Step 2: Find three linearly independent eigenvector.
Basis of \(\lambda =1\), \(v_{1} =\begin{bmatrix} 0\\ -1\\ 1 \end{bmatrix}\)
Basis of \(\lambda =2\), \(v_{2} =\begin{bmatrix} 0\\ 1\\ 0 \end{bmatrix}\), \(v_{2} =\begin{bmatrix} -1\\ 0\\ 1 \end{bmatrix}\)
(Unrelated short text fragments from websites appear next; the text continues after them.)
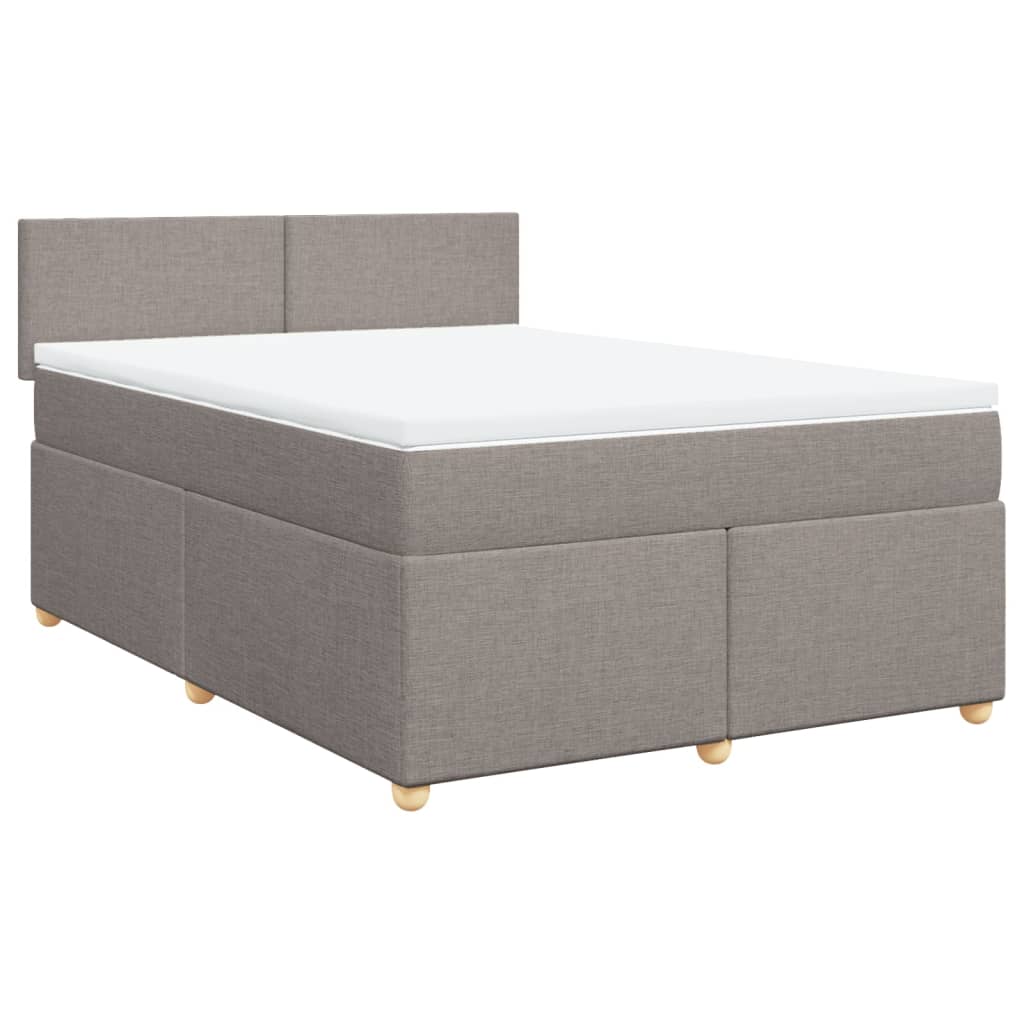 Boxspring met matras stof taupe 140x190 cm is nu te koop bij PeponiXL, paradijselijk wonen!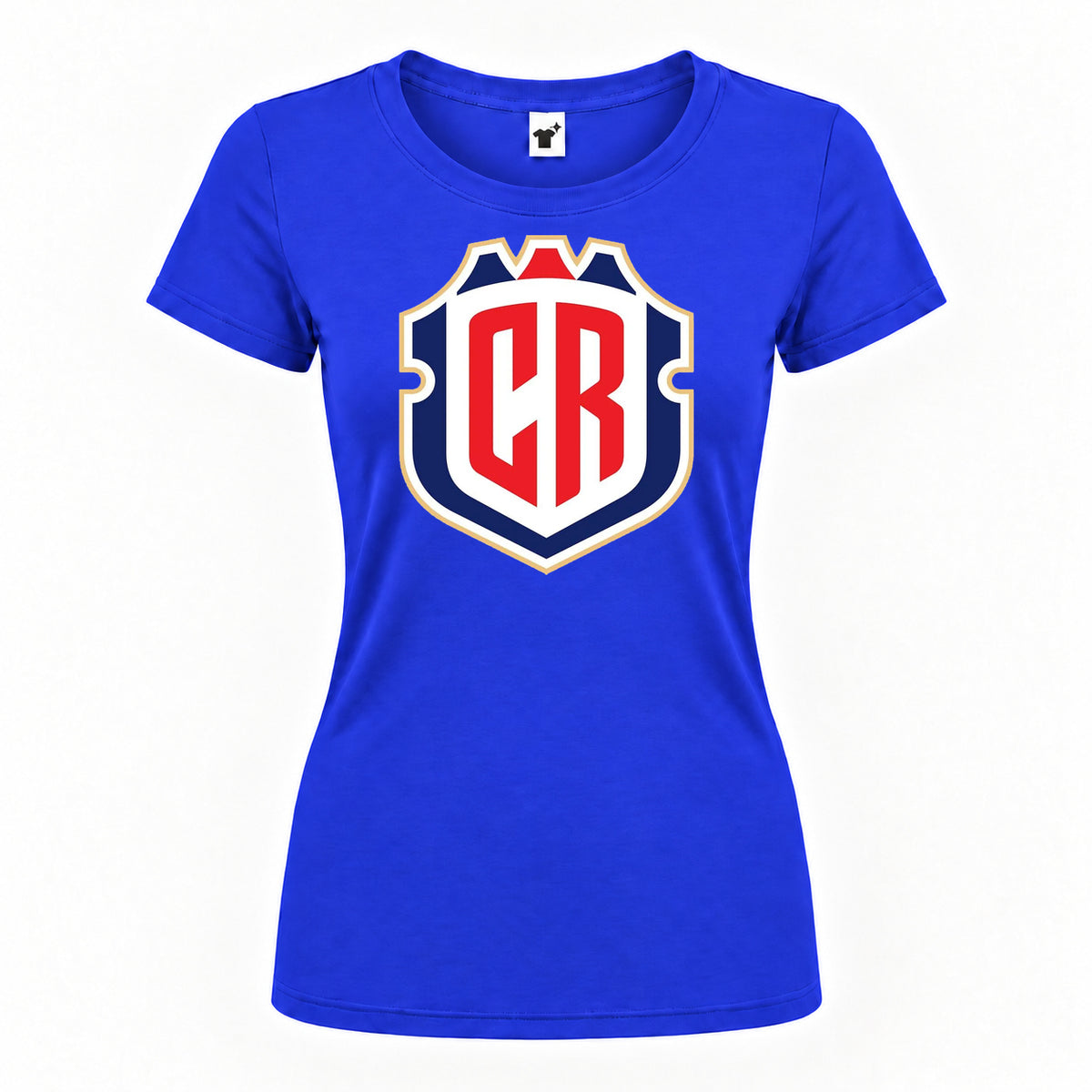 Women's Costa Rica National Soccer Team Round Neck T-Shirt | Color: Royal Blue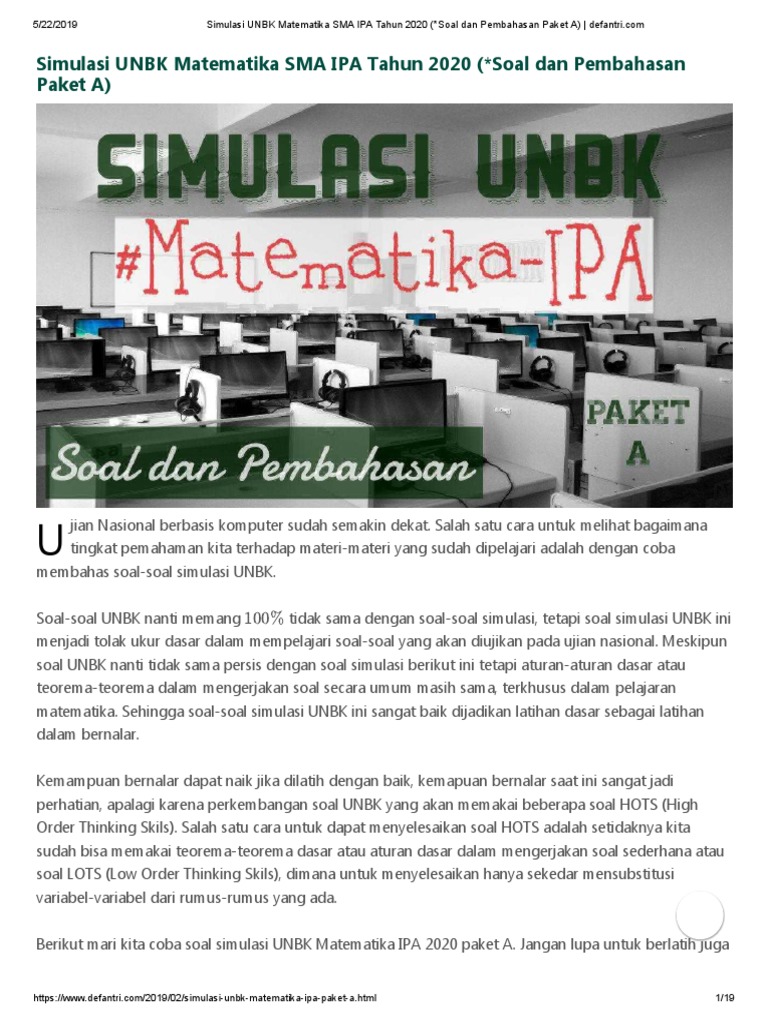 Simulasi Unbk Matematika Sma Ipa Soal Paket A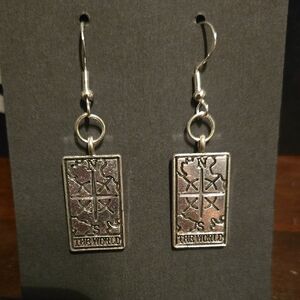 Elegant Silver Tarot Card Earrings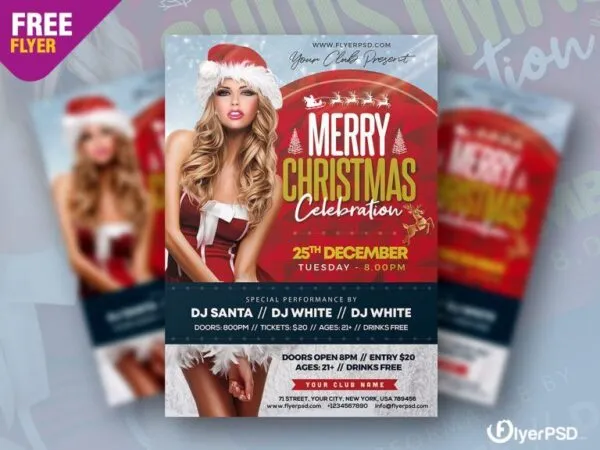 Modern Circle Christmas Party Flyer Template 1
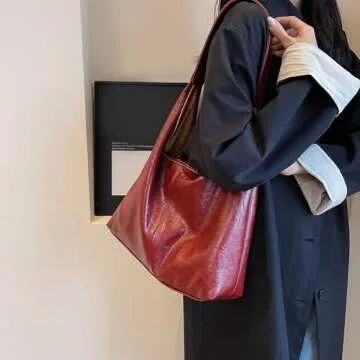 GETERUUV Faux Leather Tote Bag Women Red Shoulder Purse and Handbag Set Versatile Satchel Hobo Bag Commuting Bag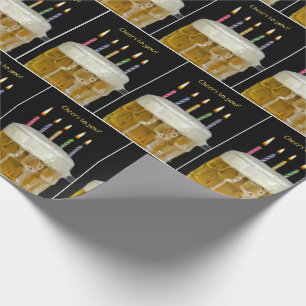 Mok met kaarsen voor de geboorte van bier cadeaupapier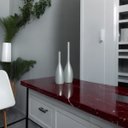 Ver imagem 2 de Vaso de Cerâmica para Decoração de Sala Dupla Tulipa Cinza Fosco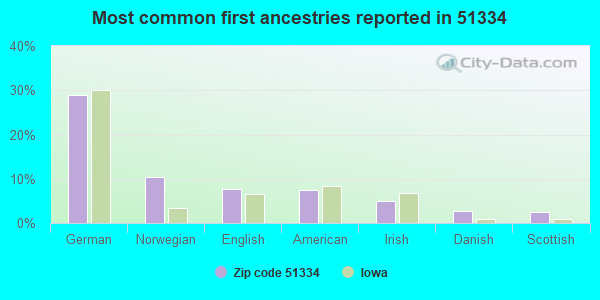 Most common first ancestries reported in 51334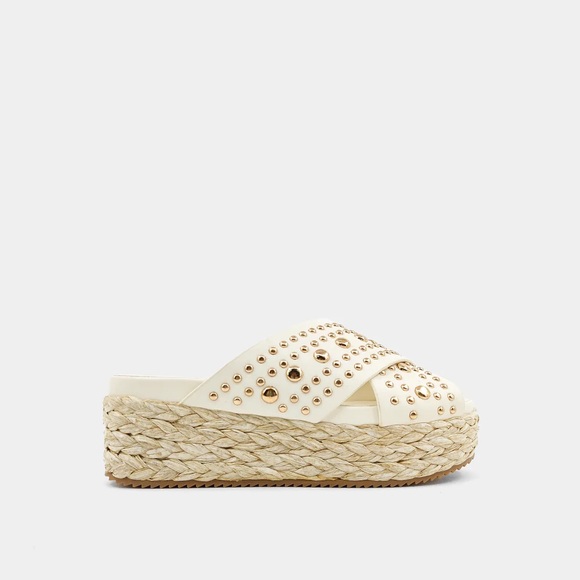 ShuShop Women's White Studded Platform Sandals - Picture 4 of 7
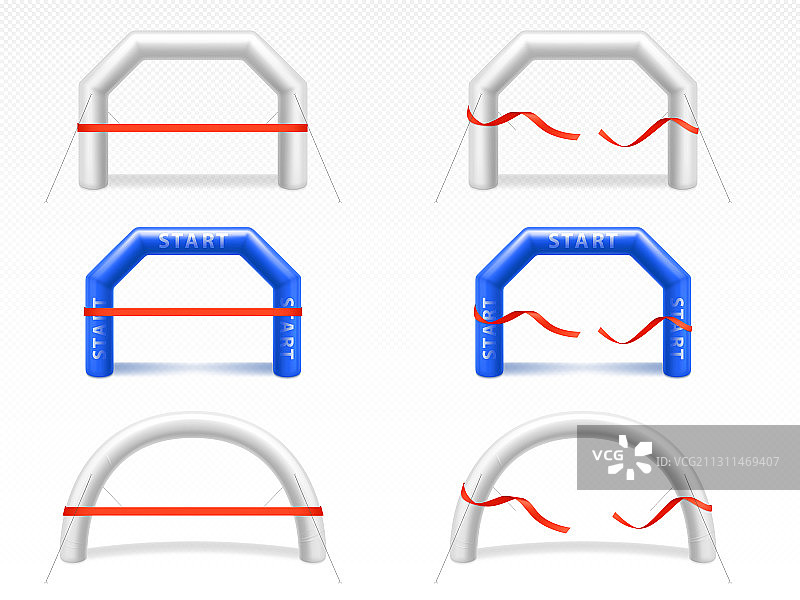 带有红色丝带的运动赛事充气拱门图片素材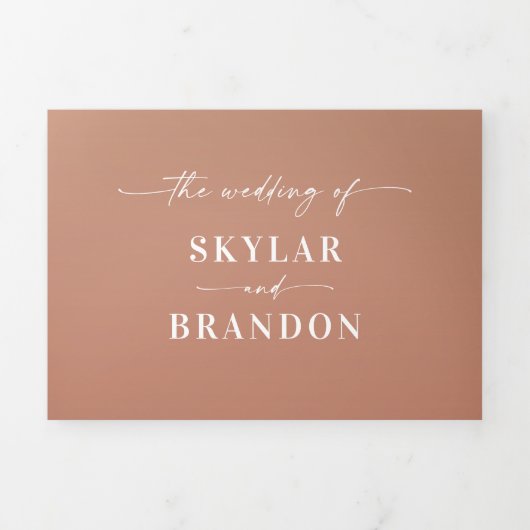Simple Clay Terra Cotta & Yellow Ombre Wedding Drieluik Uitnodiging (Cover)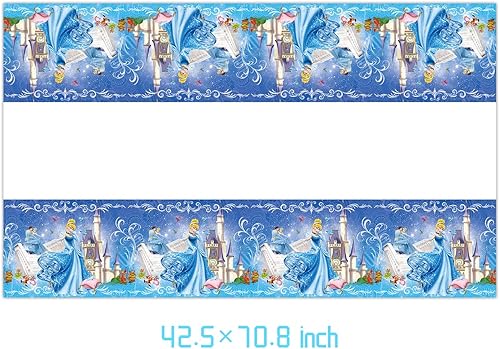Miniatura 3 de Mantel desechable de Cenicienta, 2 unidades, suministros y decoraciones para fiestas de cumpleaños, mesas rectangulares de 70 x 42 pulgadas, paquete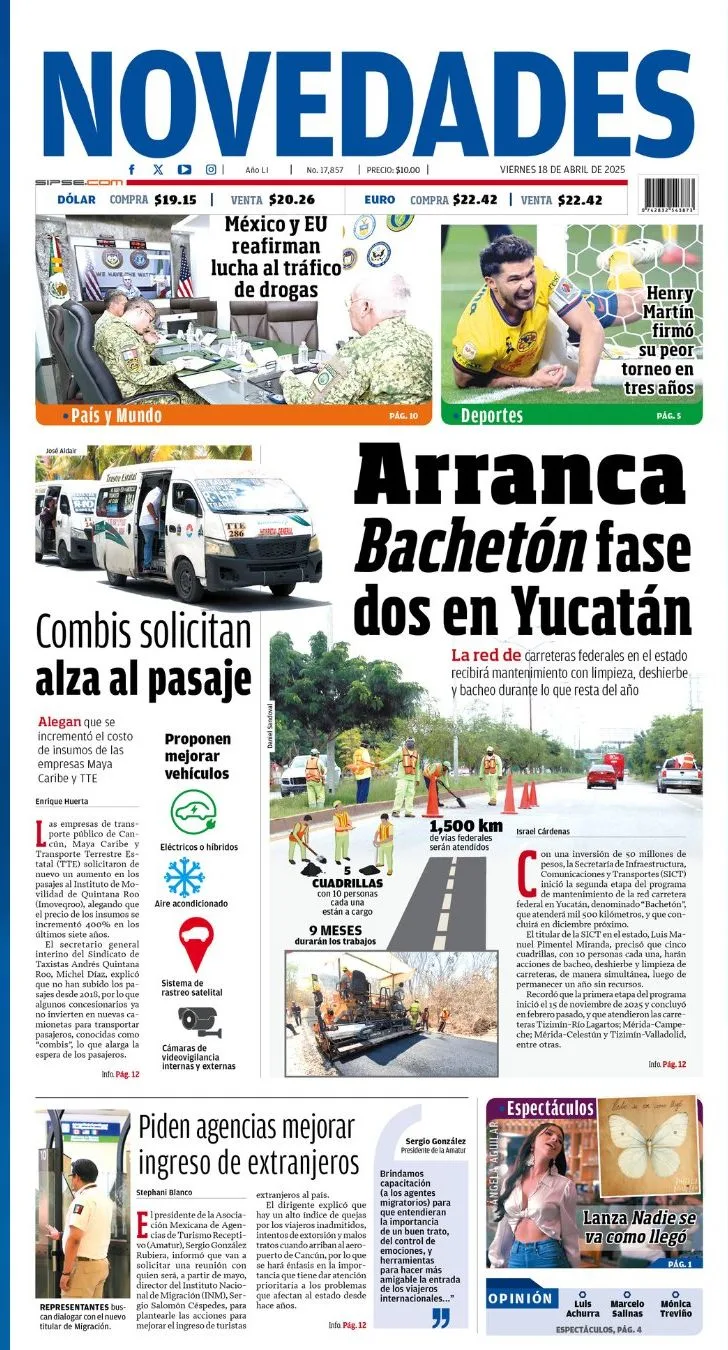 Portada de Novedades Quintana Roo del viernes, 18 de abril de 2025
Step 3: Construct \(P\) from Step 2:
\[P=\begin{bmatrix} 0 & 0 & -1\\ -1 & 1 & 0\\ 1 & 0 & 1 \end{bmatrix}\]Step 4: Construct \(D\) from corresponding eigenvalue:
\[D=\begin{bmatrix} 1 & 0 & 0\\ 0 & 2 & 0\\ 0 & 0 & 2 \end{bmatrix}\]Step 5: Verify \(AP=PD\):
\[\begin{aligned} AP & =\begin{bmatrix} 2 & 0 & 0\\ 1 & 2 & 1\\ -1 & 0 & 1 \end{bmatrix}\begin{bmatrix} 0 & 0 & -1\\ -1 & 1 & 0\\ 1 & 0 & 1 \end{bmatrix} =\begin{bmatrix} 0 & 0 & -2\\ -1 & 2 & 0\\ 1 & 0 & 2 \end{bmatrix}\\ PD & =\begin{bmatrix} 0 & 0 & -1\\ -1 & 1 & 0\\ 1 & 0 & 1 \end{bmatrix}\begin{bmatrix} 1 & 0 & 0\\ 0 & 2 & 0\\ 0 & 0 & 2 \end{bmatrix} =\begin{bmatrix} 0 & 0 & -2\\ -1 & 2 & 0\\ 1 & 0 & 2 \end{bmatrix} \end{aligned}\]Question (b)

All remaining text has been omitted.